Berapa lama iblis ini tertidur? Jika kehadiranku hanya membantunya untuk terbangun. Aku rasa lebih baik berlari, karena dia terlalu mengerikan untuk didekati.

    Natly gemetar, ia tak mampu merasakan tubuhnya. Pria di hadapannya seakan sudah menebar racun mematikan melalui napas yang ia hembuskan. Bertanya-tanya, apa yang membuat pria di hadapannya bersikap seperti itu. Tatapannya sama seperti malam itu, dingin, dalam. Sarat kejahatan dan mengandung banyak pertanyaan. Sependar hazel Navin begitu menusuknya, membuatnya merasa sedang di hadapkan dengan iblis mengerikan. Lidahnya yang terkutuk pun masih saja membisu, bibirnya bergetar tak mampu memanggil dan menyadarkan pria di hadapannya.
"Nat!" Sapa Navin dengan suara yang memberat. "Hmh?" Saat Natly mengedipkan matanya yang bergetar begitu Navin menyebut namanya, ia pikir ketegangan akan berakhir di sana; namun ternyata tidak. Navin yang mendekatkan tangannya untuk menyentuh wajahnya jauh lebih menegangkan.
    Natly yang masih saja terpaku tak mengerti, apa yang sedang terjadi di sini. Melihat Navin bersikap selembut itu membuatnya luluh, namun takut dalam waktu yang sama. Karena Natly tak bisa berhenti menanyakan, manakah Navin yang sesungguhnya.

"Vin!" Natly dengan tenaga yang tak seberapa itu pun menyebut nama Navin, namun pria itu tak menjawabnya. Navin justru malah mendekatkan wajahnya dan mulai menyentuh bibirnya. Saat Navin mencoba menerobos ke dalam mulut Natly, wanita itu menarik tubuhnya menjauh dari Navin. "What's gotten into you?" Tanyanya tanpa nada yang terdengar menyudutkan.
"I don't even know. Biarkan begini untuk beberapa saat." Jawab Navin lemah, dengan pandangan yang mendadak kosong. "Kalau begini caranya. Lo bisa jatuh cinta sama gue nantinya!" Gurau Natly. "Gue, atau lo?!" Goda Navin dengan senyuman kejinya. Namun Natly sudah tak takut lagi, ia tak peduli yang mana Navin yang sesungguhnya. Ketika siang menemaninya berjalan-jalan dan menemaninya berbelanja alat-alat rias, atau saat malam itu, pun sekarang. Jika Navin membutuhkan Natly hanya untuk sebuah kepuasan, apa yang harus disalahkan? Toh Natly pun merasa demikian, hatinya bukan untuk Navin. Namun bukan berarti mereka berdua tidak bisa saling menjaga dan memberikan kenyamanan pada satu sama lain. 

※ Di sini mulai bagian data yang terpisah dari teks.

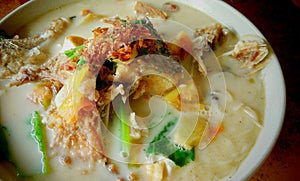 Fish head noodle soup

Dalam setiap sentuhan yang Navin berikan pada Natly, Navin tak mampu memikirkan apa-apa selain wajah Bella yang terlintas dalam benaknya. Ia ingin membayangkan wajah gadis itu, sebanyak yang ia mau. Memainkan Natly dengan gemulai, semakin intens dan mulai merebahkannya pada tempat tidur, lalu menganggap bahwa itu adalah Bella. Sebut Navin bajingan, ia pun sadar. Namun sungguh! Navin hanya tidak ingin mempedulikan apa-apa lagi. Jika harus memiliki Bella dalam imajinasi saja, maka biarlah.

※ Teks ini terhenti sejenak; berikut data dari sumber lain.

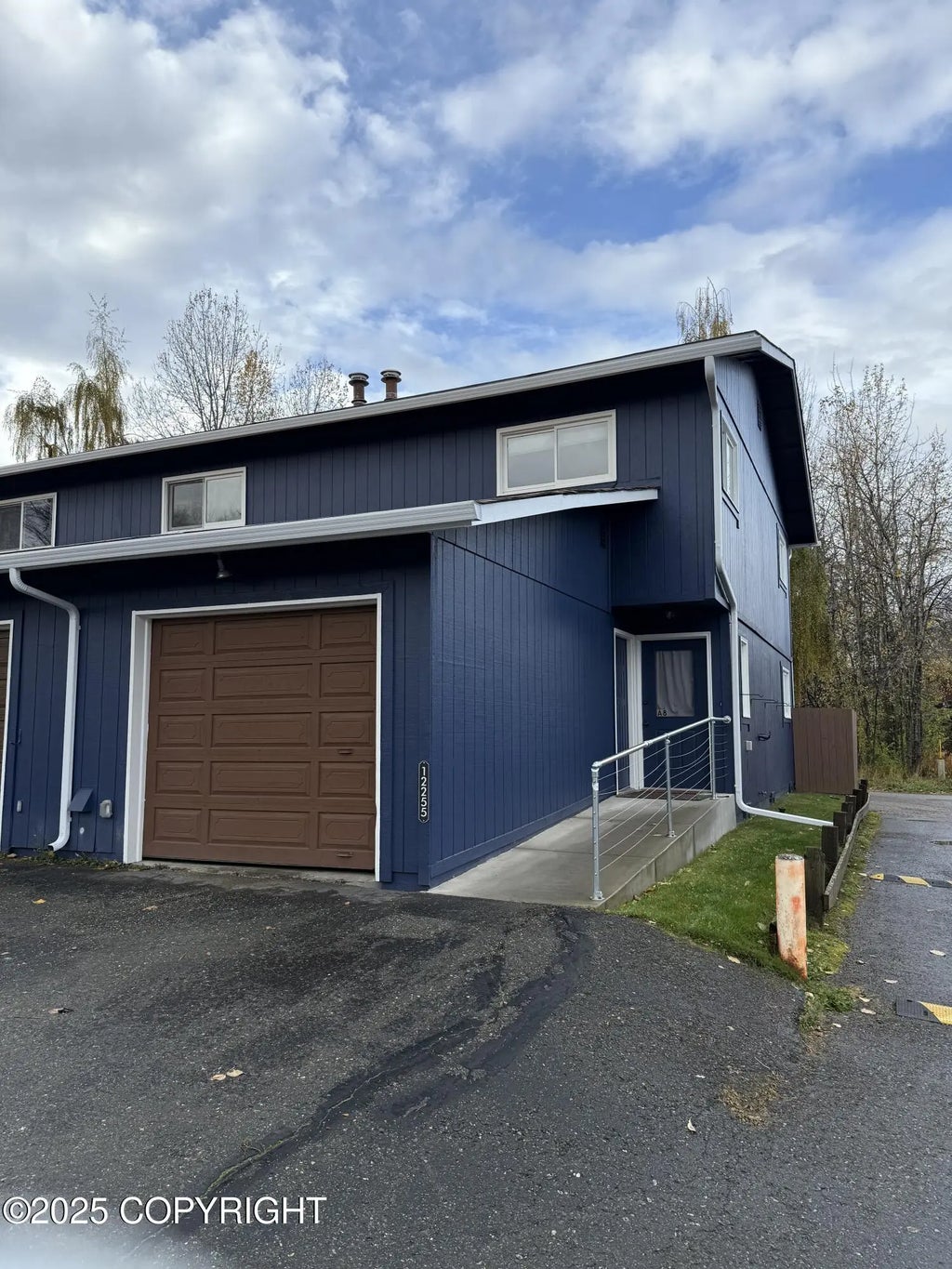 12255 Lake Street, Eagle River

Sempat terlintas dalam benak Navin. Kapan terakhir kali ia menelanjangi seorang wanita? Apa yang membuatnya ingin melakukan hal itu? Mencumbu seorang gadis yang tak ia cintai sama sekali, dan memperlakukannya bagaikan seorang hidung belang yang rakus akan perempuan. Apa yang ia dapat, jika ia meneruskan sentuhannya semakin jauh? Entahlah, yang kini ada di benaknya hanyalah Bella, Bella yang memenuhi setiap bagian dalam dirinya. Bella yang membuatnya tak mampu berpikir apapun selain dirinya.

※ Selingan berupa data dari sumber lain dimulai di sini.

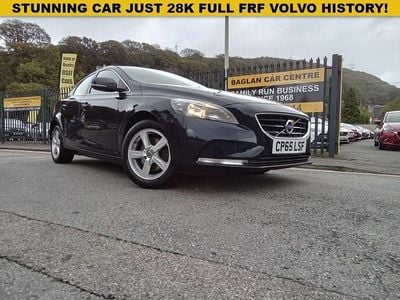 Used Volvo V40 SE 122 HP (89 kW) 2015 Blue Estate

Tak terasa, sentuhan mereka berdua semakin jauh. Bahkan keduanya sudah tidak berbusana. Navin memperhatikan lekuk tubuh gadis yang berbaring di hadapannya. Natly memang memiliki paras yang rupawan, bentuk tubuh yang ideal, dan kelebihan lainnya adalah mampu mengerti dirinya. Jadi untuk beberapa saat saja, untuk malam ini saja, Navin meminta pada hati kecilnya; biarkan ia melakukan hal itu untuk beberapa saat. Dan mengutuk dirinya sendiri sebagai seorang 'bajingan' nantinya.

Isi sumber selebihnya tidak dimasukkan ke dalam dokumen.